24-hour job history. You can now see the results of all job runs in the last 24 hours in a single view.
Delete default backup repository. As long as it’s not the only one, you can now delete the default backup repository.
Synthetic full and transform progress. Progress of the synthetic full and transform operations is now displayed in the job grid.
Datastore view. Added datastore view to the virtual machine selection dialog.*
Repository selection. You can now change the backup repository when editing a cloned job.*
Email notifications. Added information about the target VM to the email notification for 1-Click File Restore operations.*
Enhancements specific to VMware
Hot add. If a VM has multiple disks, hot add is performed once for the entire VM, instead of once for each processed disk, which speeds up VM processing.

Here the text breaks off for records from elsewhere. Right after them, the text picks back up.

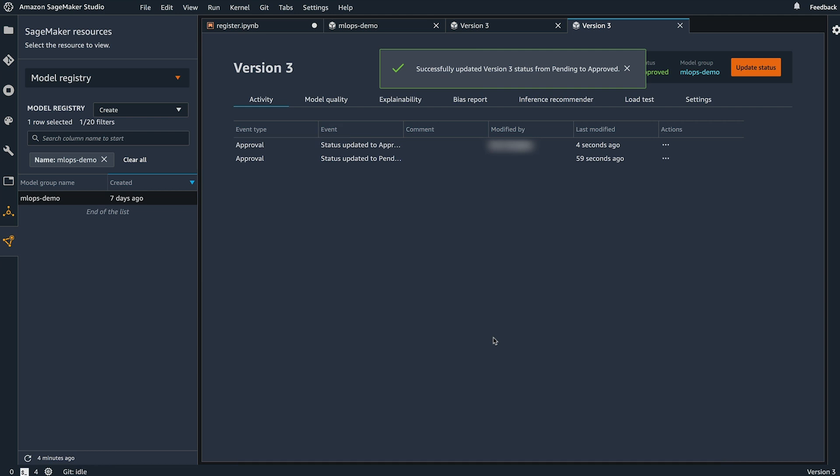All of the actions that you take in the model registry are integrated with EventBridge, giving you the flexibility to string together complex workflows for your model deployment.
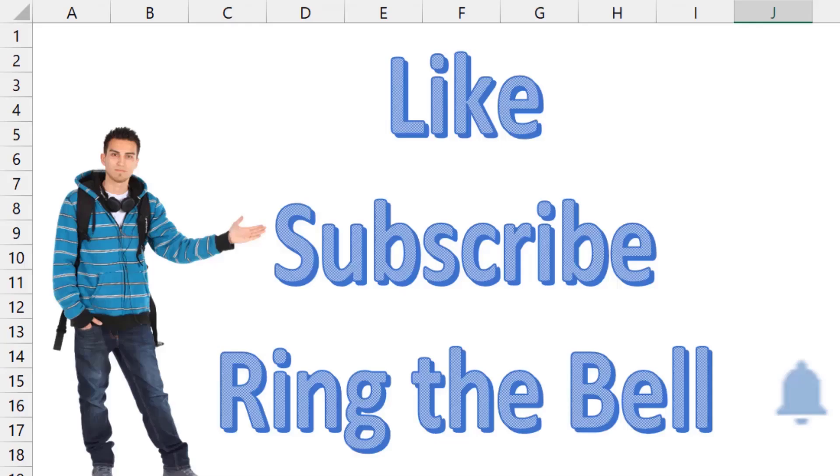If you like these videos, please down below, like, subscribe, and ring the bell. Feel free to post any questions or comments down in the comments below.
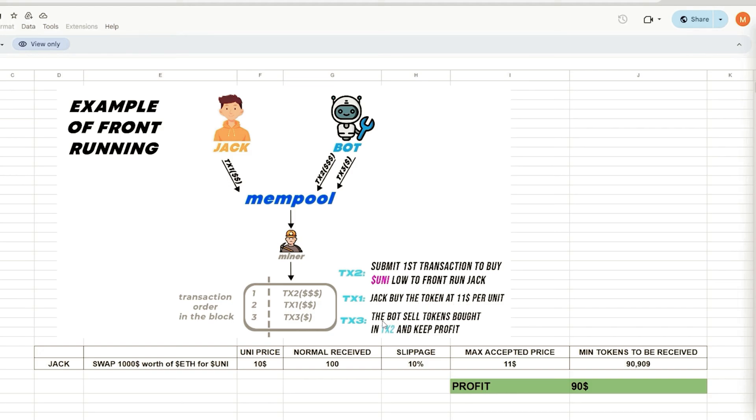Our bot will sell all purchased tokens from the initial transaction, retaining the profit of approximately $90 minus gas fees, everything in the identical block.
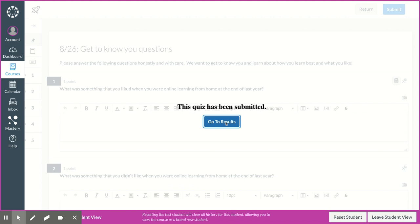So that's the first Screencastify video of this unit. I will do another video when I have the other module posted so that you can see more of what I expect for the day today. Let me know if you have any questions. Have a wonderful day. Bye, guys.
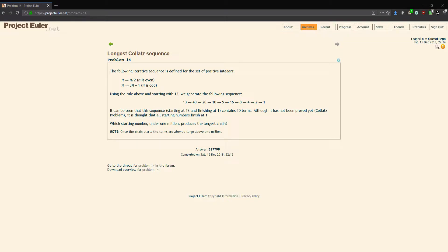We're going to be doing Project Euler number 14 today, the longest Collatz sequence. The following iterative sequence is defined for the set of positive integers: n to n divided by 2 if it's even, but if n is odd you multiply n by 3 and add 1 to it.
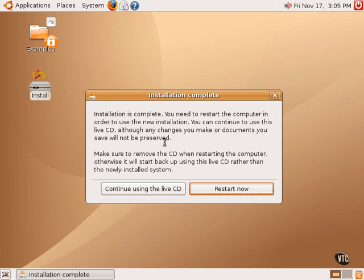As you can see, one option is to continue using the live CD, which means that the installation process will finish and complete, but the computer will not reboot.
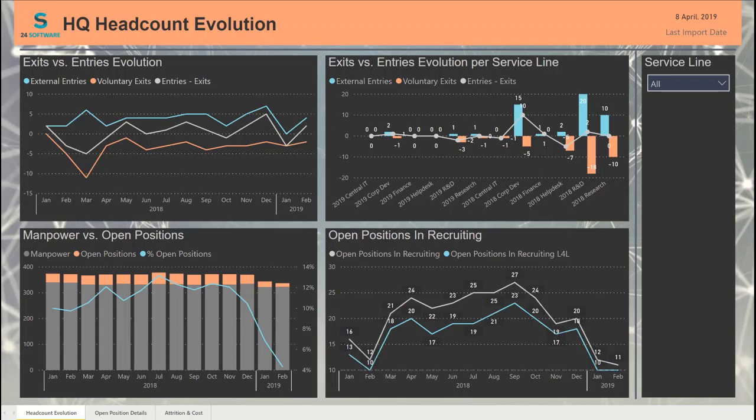Hello, this is Aleksandro Petrolescu from 24 Software. 24 Software is a solution development company oriented on Microsoft technologies. One of the strategic directions for us is business intelligence.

Failback performance. Enhanced the virtual disk digest calculation process to improve failback performance.
Delete default backup proxy server. As long as it’s not the only one, you can now disable and delete the default VMware backup proxy server.
Warnings. The warning message indicating failover to network processing mode has been changed to an information event. Likewise, the warning message about outdated VMware Tools on the processed VM has been changed to an information event.
Enhancements specific to Hyper-V
SCVMM 2012. Added support for System Center 2012 Virtual Machine Manager.
Localized Hyper-V servers. Added support for localized Hyper-V servers.
VMs on backup server’s host. You can now protect VMs running on a Hyper-V host where the Veeam backup server is installed in the parent partition.
On-host backup proxy server tasks. You can now customize the maximum number of concurrent jobs on a Hyper-V on-host backup proxy server.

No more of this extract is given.